= DATASET EXTRACT =
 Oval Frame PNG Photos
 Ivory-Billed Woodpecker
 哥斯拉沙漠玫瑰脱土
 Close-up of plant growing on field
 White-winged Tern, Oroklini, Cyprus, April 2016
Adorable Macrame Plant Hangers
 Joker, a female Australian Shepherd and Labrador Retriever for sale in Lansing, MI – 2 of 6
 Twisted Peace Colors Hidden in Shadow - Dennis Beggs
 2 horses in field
==
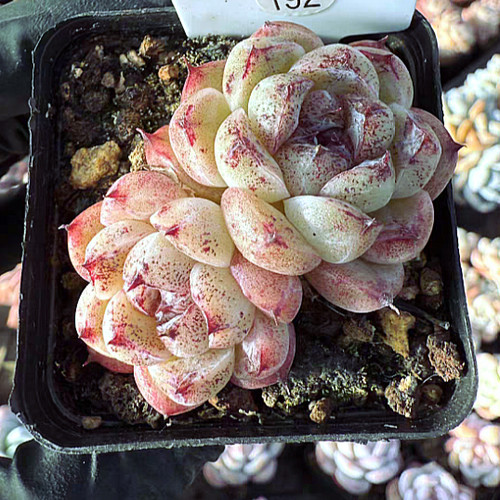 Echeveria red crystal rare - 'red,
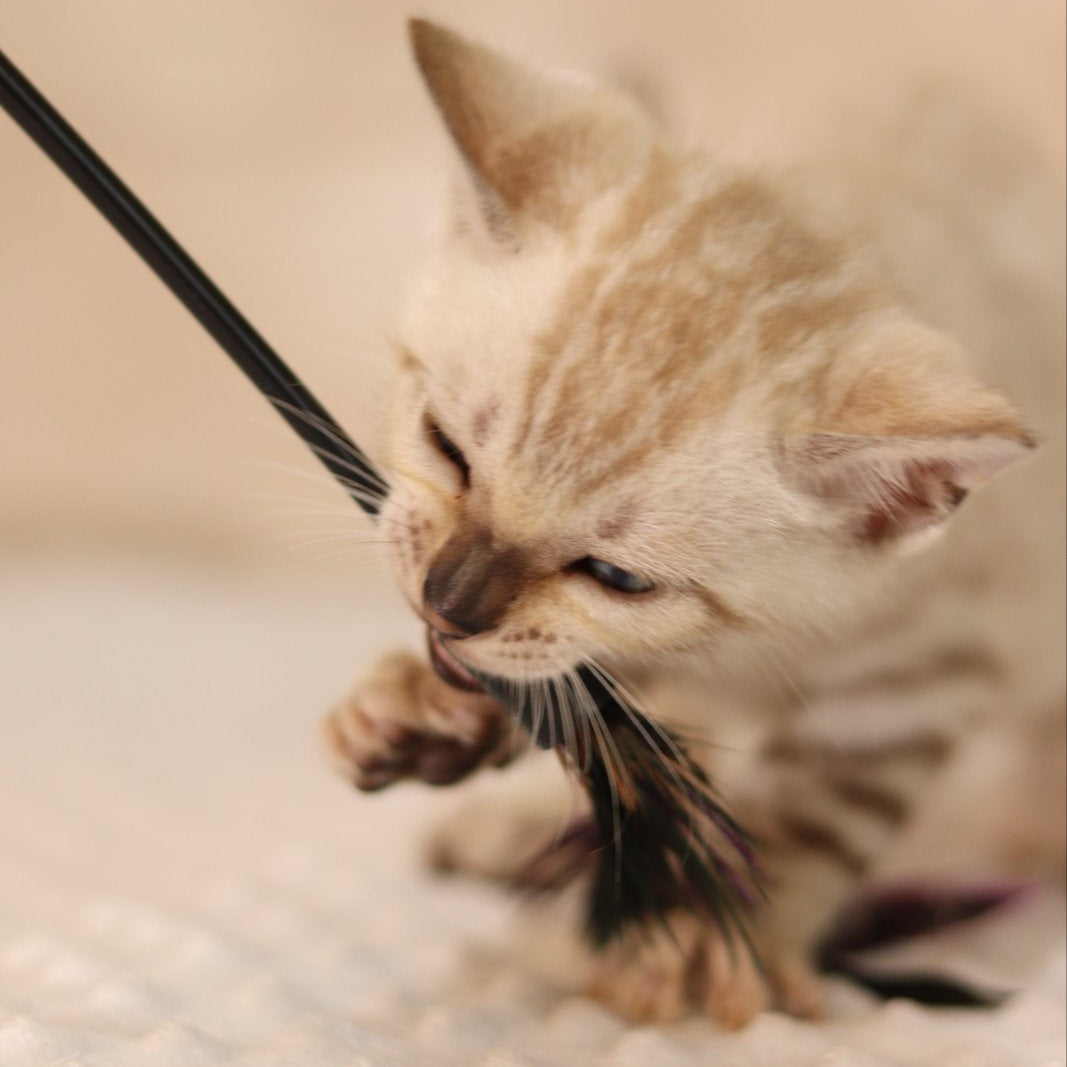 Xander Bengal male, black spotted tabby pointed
==
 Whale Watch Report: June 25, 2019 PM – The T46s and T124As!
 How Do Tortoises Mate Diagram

= WORK TO BE COMPLETED =
Considering only the material above, set down every line from the one with "Whale Watch Report: June" to the one with "How Do Tortoises Mate Diagram", inclusive, exactly as written.

= SOLUTION BELOW =
 Whale Watch Report: June 25, 2019 PM – The T46s and T124As!
 How Do Tortoises Mate Diagram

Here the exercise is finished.